Showing posts with label poverty. Show all posts
Showing posts with label poverty. Show all posts

Saturday, February 21, 2009

American and Catholic


My thoughts:

I could vote Democrat very easily. . . except for one thing. It isn't that I am a one-issue Catholic; it's just that the death of so many babies is such a big issue that it eclipses all other issues when I stand in the voter's box. Until that is resolved, and every life is held sacred, I find it impossible to vote for a candidate who gets some issues right but promises to protect a woman's legal right to abort her unborn baby.

One glance at the Catholic Democrats website http://www.catholicdemocrats.org/ and I realize that I could be persuaded to vote for a Democrat. . . if the candidate was pro-life. I admire their concern for social justice.
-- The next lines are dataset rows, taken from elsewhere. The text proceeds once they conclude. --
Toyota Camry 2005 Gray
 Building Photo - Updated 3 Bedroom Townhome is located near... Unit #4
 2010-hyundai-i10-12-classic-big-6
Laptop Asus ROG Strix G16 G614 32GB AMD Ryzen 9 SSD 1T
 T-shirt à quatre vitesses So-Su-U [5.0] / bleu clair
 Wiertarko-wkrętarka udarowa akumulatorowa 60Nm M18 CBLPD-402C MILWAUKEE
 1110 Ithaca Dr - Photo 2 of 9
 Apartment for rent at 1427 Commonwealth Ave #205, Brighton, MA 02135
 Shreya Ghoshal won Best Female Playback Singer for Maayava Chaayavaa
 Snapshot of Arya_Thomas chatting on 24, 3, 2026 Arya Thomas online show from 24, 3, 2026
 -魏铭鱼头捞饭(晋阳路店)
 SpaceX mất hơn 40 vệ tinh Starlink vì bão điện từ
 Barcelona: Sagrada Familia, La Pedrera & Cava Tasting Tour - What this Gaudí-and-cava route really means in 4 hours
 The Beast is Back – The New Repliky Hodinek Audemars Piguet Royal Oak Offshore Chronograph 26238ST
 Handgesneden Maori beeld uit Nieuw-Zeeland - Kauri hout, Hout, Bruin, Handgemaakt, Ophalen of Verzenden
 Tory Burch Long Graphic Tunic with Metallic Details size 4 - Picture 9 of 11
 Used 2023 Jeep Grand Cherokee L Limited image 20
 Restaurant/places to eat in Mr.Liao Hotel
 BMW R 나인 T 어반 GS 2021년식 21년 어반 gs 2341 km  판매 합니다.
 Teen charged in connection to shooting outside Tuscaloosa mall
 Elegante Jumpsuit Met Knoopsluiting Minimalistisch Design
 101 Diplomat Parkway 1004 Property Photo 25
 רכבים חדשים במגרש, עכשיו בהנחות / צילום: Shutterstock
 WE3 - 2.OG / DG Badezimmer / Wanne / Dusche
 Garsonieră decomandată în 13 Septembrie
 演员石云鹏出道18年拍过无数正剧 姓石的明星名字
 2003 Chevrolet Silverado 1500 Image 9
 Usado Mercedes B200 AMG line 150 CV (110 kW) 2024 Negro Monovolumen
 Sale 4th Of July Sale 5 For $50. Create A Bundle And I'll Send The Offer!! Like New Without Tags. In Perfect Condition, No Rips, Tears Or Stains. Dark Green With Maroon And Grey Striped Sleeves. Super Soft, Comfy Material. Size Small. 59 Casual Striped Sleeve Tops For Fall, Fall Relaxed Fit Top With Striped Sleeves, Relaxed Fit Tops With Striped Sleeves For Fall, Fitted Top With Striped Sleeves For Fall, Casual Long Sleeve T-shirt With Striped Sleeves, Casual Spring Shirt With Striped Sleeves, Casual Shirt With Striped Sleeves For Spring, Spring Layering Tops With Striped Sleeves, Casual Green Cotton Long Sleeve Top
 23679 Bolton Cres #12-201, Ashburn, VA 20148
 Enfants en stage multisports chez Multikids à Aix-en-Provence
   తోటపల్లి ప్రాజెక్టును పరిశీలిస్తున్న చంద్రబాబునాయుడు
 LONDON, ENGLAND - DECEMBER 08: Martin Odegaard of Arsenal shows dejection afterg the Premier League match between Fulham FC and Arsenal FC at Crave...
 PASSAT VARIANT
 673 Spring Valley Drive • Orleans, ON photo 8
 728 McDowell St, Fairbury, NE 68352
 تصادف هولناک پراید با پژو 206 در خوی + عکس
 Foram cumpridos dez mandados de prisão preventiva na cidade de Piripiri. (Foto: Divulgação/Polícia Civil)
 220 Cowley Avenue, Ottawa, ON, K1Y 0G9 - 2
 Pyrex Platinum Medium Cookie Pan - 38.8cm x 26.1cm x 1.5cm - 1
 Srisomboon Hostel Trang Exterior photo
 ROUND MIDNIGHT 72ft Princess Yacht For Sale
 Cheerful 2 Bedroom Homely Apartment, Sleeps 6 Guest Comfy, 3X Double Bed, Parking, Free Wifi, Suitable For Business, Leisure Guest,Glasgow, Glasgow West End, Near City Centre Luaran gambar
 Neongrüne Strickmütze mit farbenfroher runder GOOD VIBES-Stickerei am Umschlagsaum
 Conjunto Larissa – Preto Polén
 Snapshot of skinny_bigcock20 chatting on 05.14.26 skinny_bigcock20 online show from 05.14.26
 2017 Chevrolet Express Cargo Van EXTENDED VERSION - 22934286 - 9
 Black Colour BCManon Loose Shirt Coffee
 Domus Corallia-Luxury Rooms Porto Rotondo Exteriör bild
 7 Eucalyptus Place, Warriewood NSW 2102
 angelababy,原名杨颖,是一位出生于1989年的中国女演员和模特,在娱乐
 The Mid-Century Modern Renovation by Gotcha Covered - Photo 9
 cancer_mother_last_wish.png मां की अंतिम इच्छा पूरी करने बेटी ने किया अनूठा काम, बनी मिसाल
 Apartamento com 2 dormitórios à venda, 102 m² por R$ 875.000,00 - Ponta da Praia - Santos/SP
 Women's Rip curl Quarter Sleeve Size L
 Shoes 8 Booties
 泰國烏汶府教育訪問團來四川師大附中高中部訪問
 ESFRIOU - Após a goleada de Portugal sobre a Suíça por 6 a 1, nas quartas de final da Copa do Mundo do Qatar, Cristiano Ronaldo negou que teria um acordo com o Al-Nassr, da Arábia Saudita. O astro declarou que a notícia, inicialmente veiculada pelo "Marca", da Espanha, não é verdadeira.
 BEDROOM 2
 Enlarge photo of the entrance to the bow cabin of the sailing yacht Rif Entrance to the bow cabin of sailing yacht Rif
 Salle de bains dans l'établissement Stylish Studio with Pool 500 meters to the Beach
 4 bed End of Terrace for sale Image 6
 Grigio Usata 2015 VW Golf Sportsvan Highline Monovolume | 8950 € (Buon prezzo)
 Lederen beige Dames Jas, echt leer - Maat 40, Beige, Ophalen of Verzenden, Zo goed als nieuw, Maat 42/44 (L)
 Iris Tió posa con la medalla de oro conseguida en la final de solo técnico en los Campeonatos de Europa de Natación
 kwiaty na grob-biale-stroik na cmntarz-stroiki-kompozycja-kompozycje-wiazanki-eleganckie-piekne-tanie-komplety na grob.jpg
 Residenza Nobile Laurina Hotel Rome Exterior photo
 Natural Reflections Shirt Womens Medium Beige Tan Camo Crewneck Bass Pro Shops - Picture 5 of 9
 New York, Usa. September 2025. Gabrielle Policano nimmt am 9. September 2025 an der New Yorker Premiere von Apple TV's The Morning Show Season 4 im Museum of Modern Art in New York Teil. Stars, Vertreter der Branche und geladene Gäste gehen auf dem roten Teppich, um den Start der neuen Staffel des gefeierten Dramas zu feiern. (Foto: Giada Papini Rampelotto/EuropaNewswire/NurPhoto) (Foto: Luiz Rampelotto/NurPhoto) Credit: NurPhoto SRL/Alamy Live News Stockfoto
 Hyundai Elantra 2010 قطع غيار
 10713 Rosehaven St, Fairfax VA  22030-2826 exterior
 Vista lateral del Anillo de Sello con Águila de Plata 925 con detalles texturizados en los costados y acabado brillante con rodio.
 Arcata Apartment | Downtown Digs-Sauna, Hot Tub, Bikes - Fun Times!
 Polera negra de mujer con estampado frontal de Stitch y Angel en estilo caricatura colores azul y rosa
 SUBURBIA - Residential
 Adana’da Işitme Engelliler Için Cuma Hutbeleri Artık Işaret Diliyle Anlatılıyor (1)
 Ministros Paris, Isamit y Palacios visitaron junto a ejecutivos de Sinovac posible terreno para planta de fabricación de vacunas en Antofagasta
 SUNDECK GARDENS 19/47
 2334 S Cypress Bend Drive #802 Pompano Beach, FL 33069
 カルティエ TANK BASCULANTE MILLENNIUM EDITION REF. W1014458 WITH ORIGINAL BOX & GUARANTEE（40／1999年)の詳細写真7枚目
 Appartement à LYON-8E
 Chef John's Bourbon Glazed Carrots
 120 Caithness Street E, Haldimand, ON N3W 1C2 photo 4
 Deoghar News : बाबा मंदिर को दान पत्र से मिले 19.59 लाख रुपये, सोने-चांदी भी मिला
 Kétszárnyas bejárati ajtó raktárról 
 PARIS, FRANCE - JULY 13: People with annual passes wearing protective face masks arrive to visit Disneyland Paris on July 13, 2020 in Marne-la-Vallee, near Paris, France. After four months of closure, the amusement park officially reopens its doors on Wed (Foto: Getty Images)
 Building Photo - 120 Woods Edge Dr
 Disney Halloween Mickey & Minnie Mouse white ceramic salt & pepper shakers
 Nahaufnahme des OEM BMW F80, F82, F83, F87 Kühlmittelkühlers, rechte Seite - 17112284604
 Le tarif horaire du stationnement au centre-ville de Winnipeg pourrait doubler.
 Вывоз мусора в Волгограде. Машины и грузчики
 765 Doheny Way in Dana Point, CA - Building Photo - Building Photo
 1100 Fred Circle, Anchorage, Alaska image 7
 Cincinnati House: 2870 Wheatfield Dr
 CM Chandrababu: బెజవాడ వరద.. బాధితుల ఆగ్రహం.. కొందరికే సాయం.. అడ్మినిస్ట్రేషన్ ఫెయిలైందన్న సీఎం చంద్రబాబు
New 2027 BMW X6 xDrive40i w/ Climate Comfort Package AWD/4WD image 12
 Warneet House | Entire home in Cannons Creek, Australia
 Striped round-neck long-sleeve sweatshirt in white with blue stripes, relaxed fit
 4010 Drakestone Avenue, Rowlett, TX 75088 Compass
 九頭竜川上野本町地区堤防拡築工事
But even as I become more Catholic in my approach to the death penalty and immigration issues and poverty and war. . . I become incrementally more aware of the mandate to protect life from conception to natural death. And as long as abortion is legal in the United States, we cannot delude ourselves into thinking that a Democratic platform (that protects a woman's "right" to abort her unborn baby) merits our support.
It is more than insincere to blame "Republican Politics" for abortion numbers and to lay the burden at the feet of the "Bush Recession" when the DNC promises to protect a "woman's right to choose" (to abort her baby). While a downturn in the economy may have some effect on the number of abortions that take place, the economy is not the culprit. If the economy drove the abortion industry, we would have had more abortions during the Great Depression than any time in U.S. history. No, it is a matter of whether or not abortion is protected under law - or whether or not the life of the unborn is protected under the law.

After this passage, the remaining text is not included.